To Karl Harvey, the bus breakdown in Texas was an unforeseen but quickly resolved emergency.

"The ease with which my mom was able to transfer to Houston and then transfer to a Sunrise home in Hartford was excellent," he said.

An Alzheimer's patient, Ruth Harvey had moved two years earlier to Bayou St. John, which offered what one Sunrise official called a "mansion" lifestyle in a Victorian-style house near Lake Pontchartrain.

Sunrise officials say their disaster-planning included making deals with charter bus companies and hotels before hurricane season began and deciding two days before the storm made landfall to evacuate residents of the New Orleans and Slidell, La., facilities.

"Anything that meant something to [the residents], we made sure we got it packed for them," said Sherry Robinson, who coordinates Sunrise's operations in Louisiana. "They brought clothing and their medications for a couple of weeks. They also brought pictures."

Sunrise offered its staffers round-the-clock pay as an incentive to accompany the residents, Robinson said.

On Aug. 28, residents and staffers from Slidell were taken to a hotel in Natchez, Miss. The Bayou St. John group was bused to the Emerald Hills Golf Resort in west-central Louisiana.

This group, which included Ruth Harvey, spent five nights there, then headed in two buses toward Houston. Sixty miles from Houston, one of the buses broke down.

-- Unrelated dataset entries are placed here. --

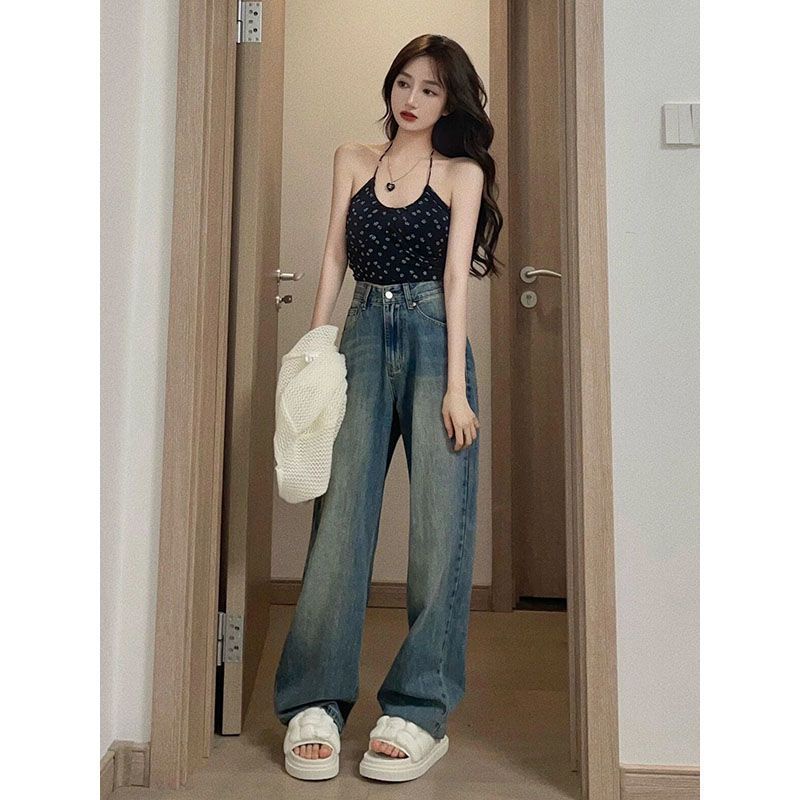 Jiashucheng Quần Jean Ống Rộng Lưng Cao Phong Cách Hong Kong Cổ Điển Cho Nữ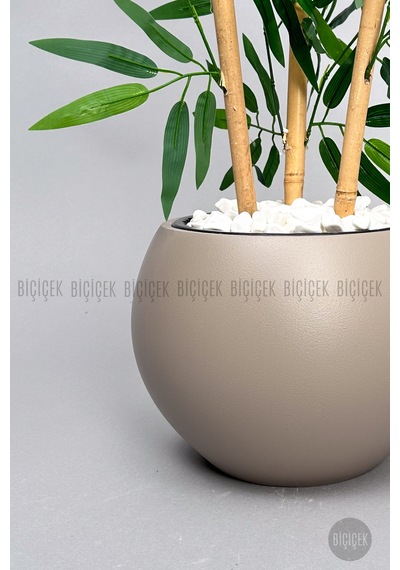 125cm Yapay Bambu Ağaci Mocha Küre Saksıda Kahverengi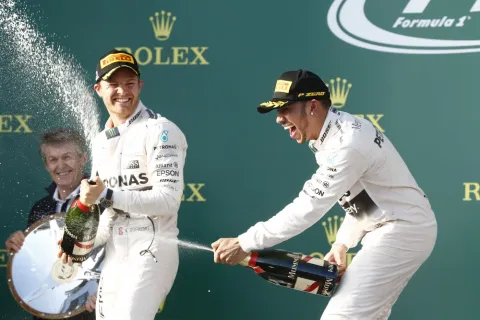 Lewis Hamilton wins ahead of his teammate Nico Rosberg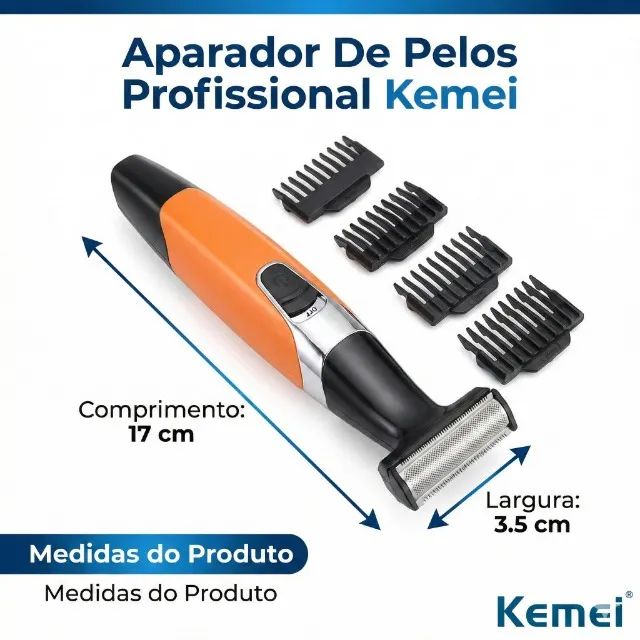 Aparador De Pelos Profissional Kemei KM-1910 A Prova D'Água - Foto 5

Police in Shepherd (population: 2,050) transported the elderly passengers and 20 staffers to a restaurant.

"We're just a little, small town. We don't have no facilities for putting a lot of people up," said Wade, the city's mayor. "But we have a combination Shell station and restaurant. So we evacuated them to the Shell station, where our fire department . . . got them plenty to drink.

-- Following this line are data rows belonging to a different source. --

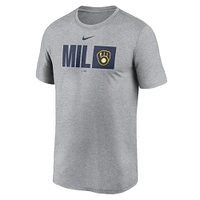 T-shirt Nike Tricode Legend Performance gris chiné pour homme des Milwaukee Brewers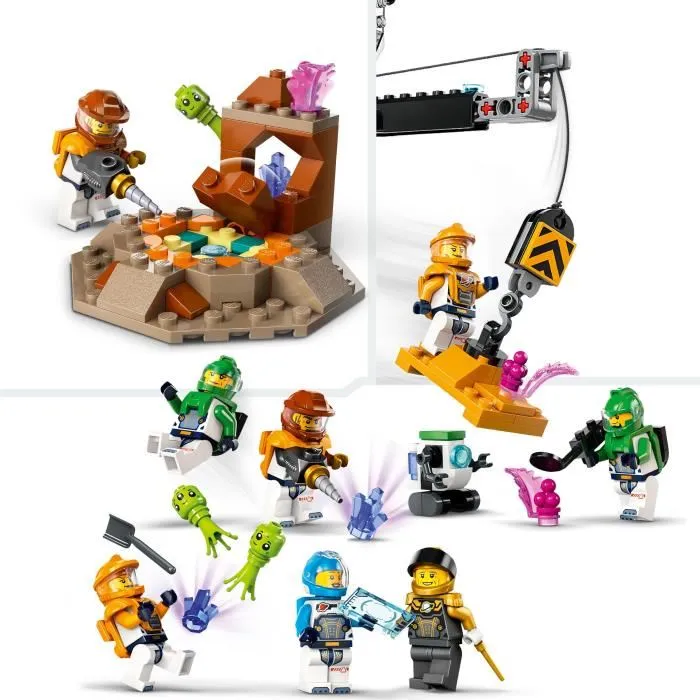 LEGO 60434 City La Station Spatiale et la Base de Lancement de Fusées, Jouet sur l'Espace avec Robot et 6 Minifigurines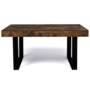 Voir la diapositive 3 : ID MARKET Table à manger rectangle PHOENIX 6 personnes bois effet vieilli et noir 160 cm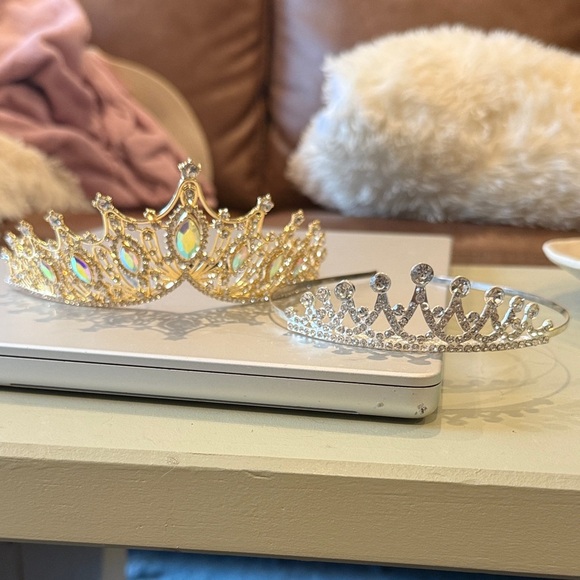 Elegant Gold and Silver Tiara Set - Picture 1 of 1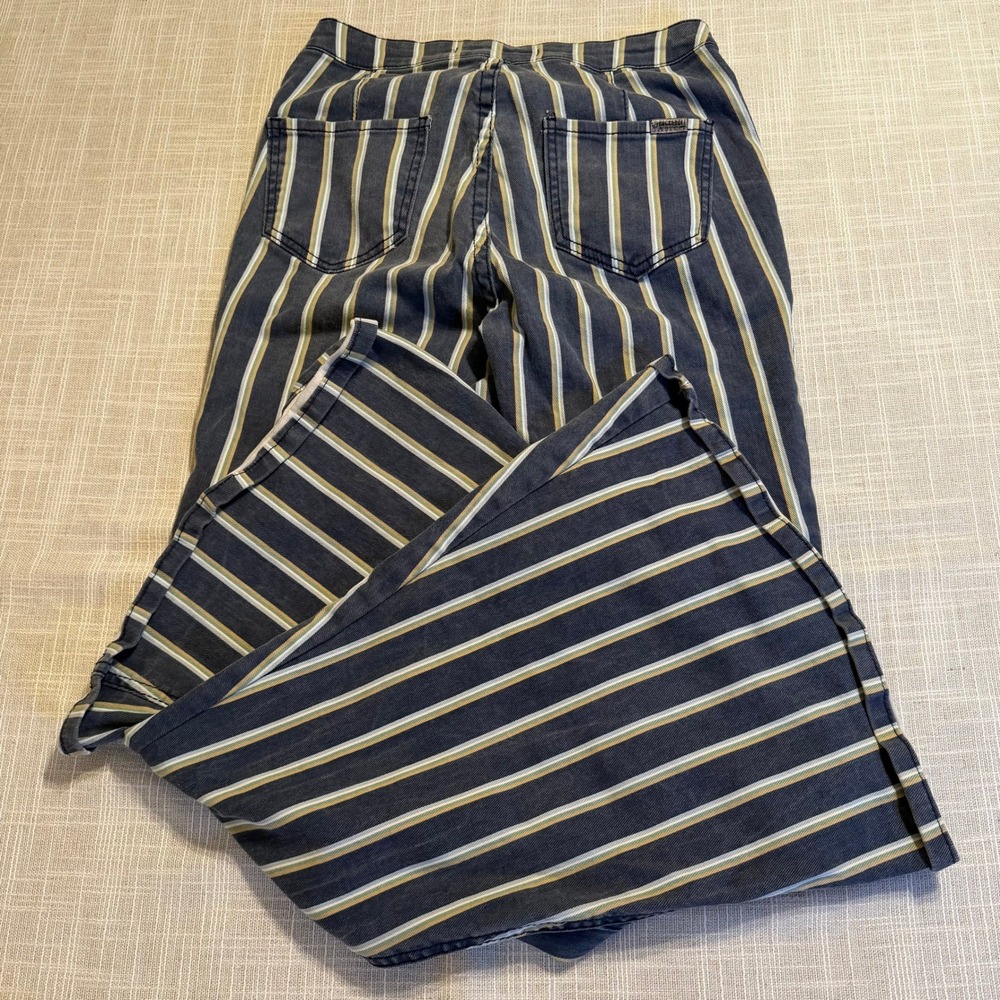 Rock & Roll Denim Bargain Button Bell Striped Flare Jeans Blue 27x34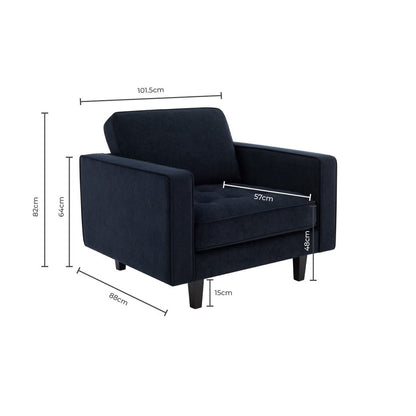 Dusk Sloane Grade B Midnight Navy Velvet Loveseat RRP £299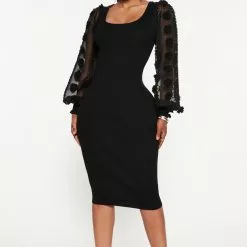 Fashion Nova Heart Flutter Sweater Midi Dress - Black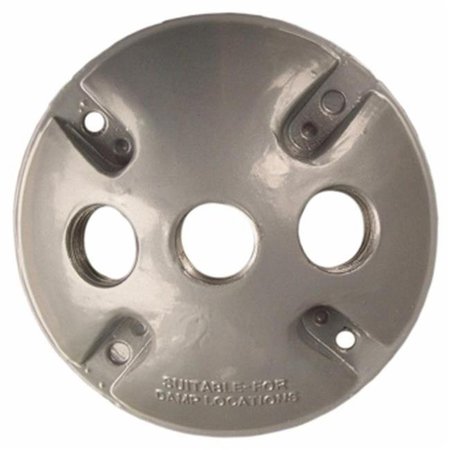 SWIVEL 4 In. Round Weatherproof Covers - Three Hole 0.5 In. Gray SW389835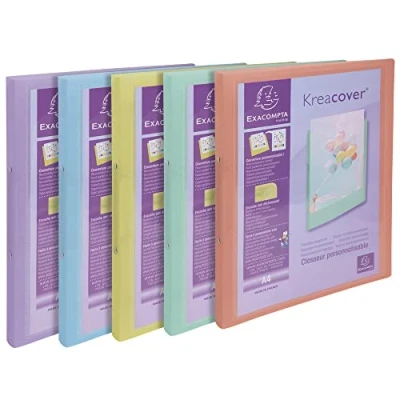 Afbeelding van Exacompta 1 set van 5 zachte Kreacover pastelmappen polypropyleen, transparant, 2 ronde ringen, diameter 15 mm, buitenformaat 32 x 25 cm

"Then one of our city councilmen, who owns a mechanics shop, got some of his mechanics and took some parts off the broken bus. I went into town, found new parts and bought them. And we got the bus running."

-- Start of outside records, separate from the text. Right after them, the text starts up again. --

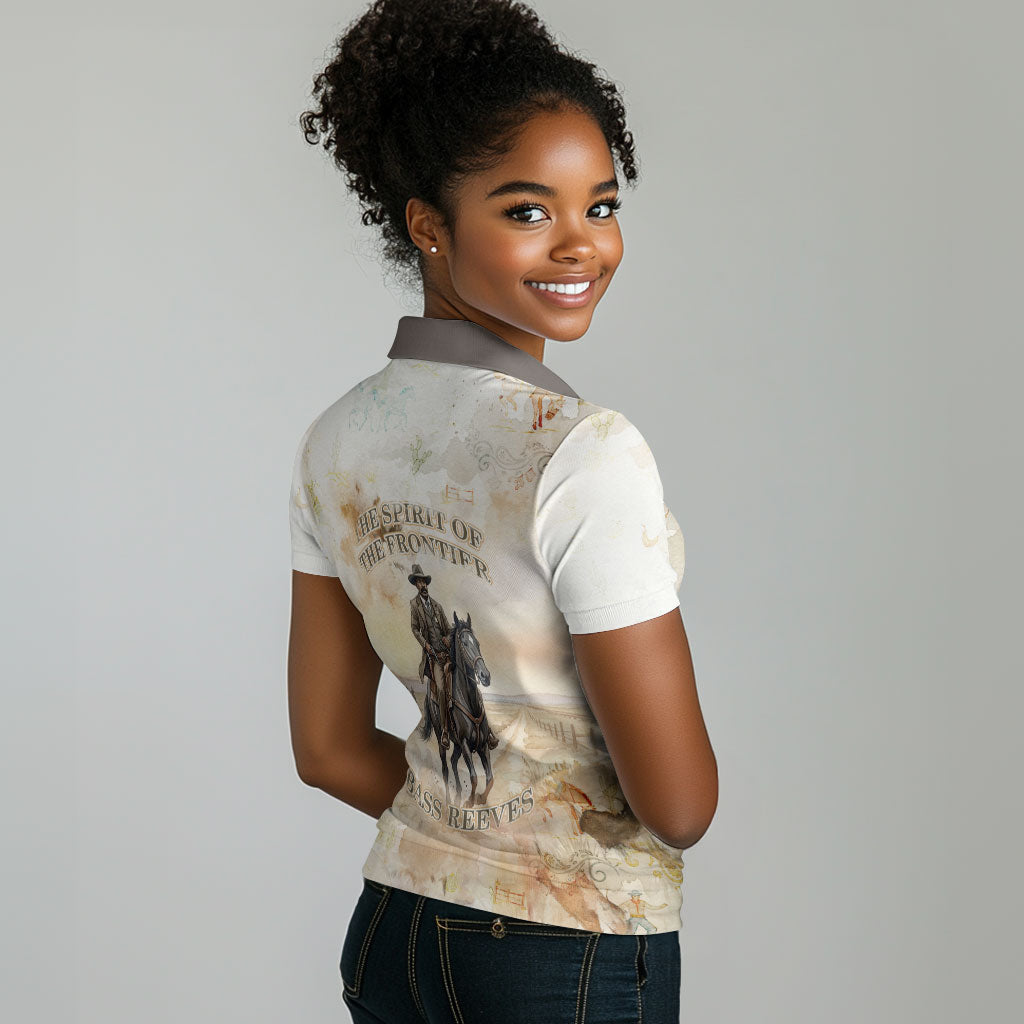 Bass Reeves Spirit Frontier Legend Women Polo Shirt African American Marshal Horse Riding Western Watercolor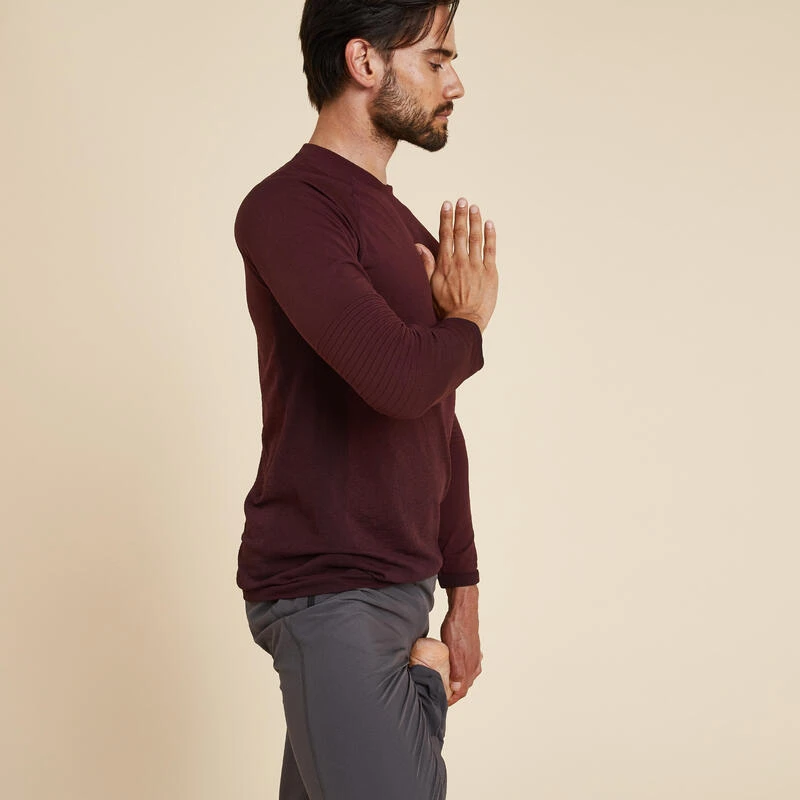 Camiseta Hombre Burdeos Sin Costuras Manga Larga - Imagen 3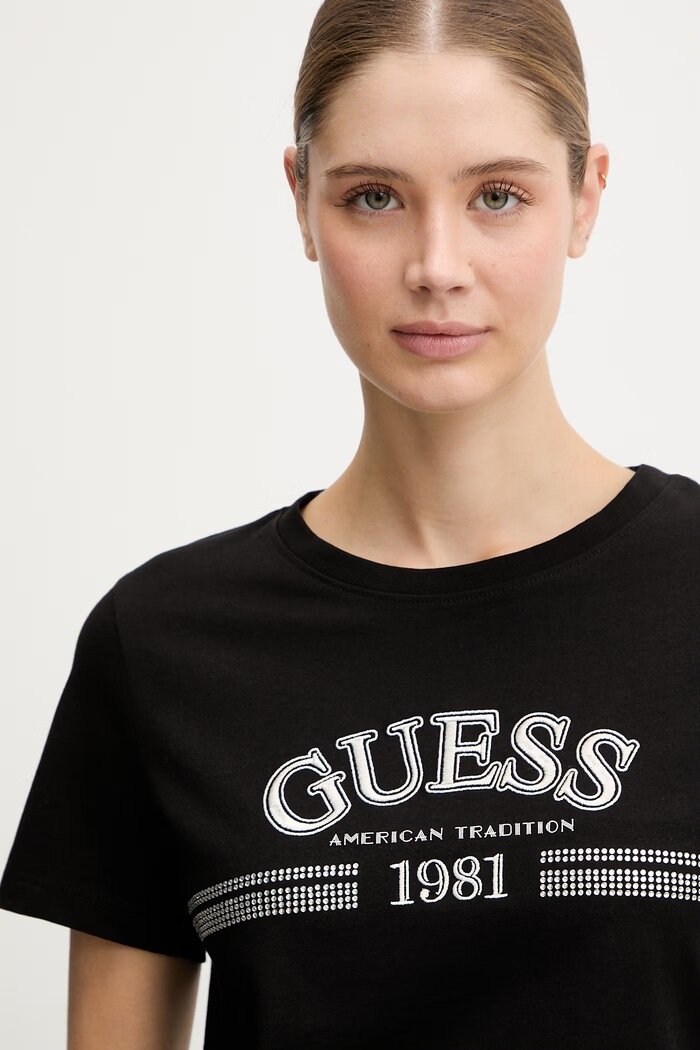 GUESS Памучна тениска ALDA дамска в черно V6RI16 I3Z14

Sunrise officials said Wade and the council member repaired the bus at no charge.

Karl Harvey said he was in Houston, waiting to greet his mother, when the bus pulled in last Friday night. They flew to Connecticut, and Ruth Harvey settled into a Sunrise facility in West Hartford.

It is far from certain whether the former Bayou St. John residents will ever return to their home. Harvey has told his mother she will remain in Connecticut for two months.

"And probably longer," he said.

Residents of a Sunrise home in New Orleans were taken to Emerald Hills Golf Resort, which had the Sunrise name temporarily added to its sign.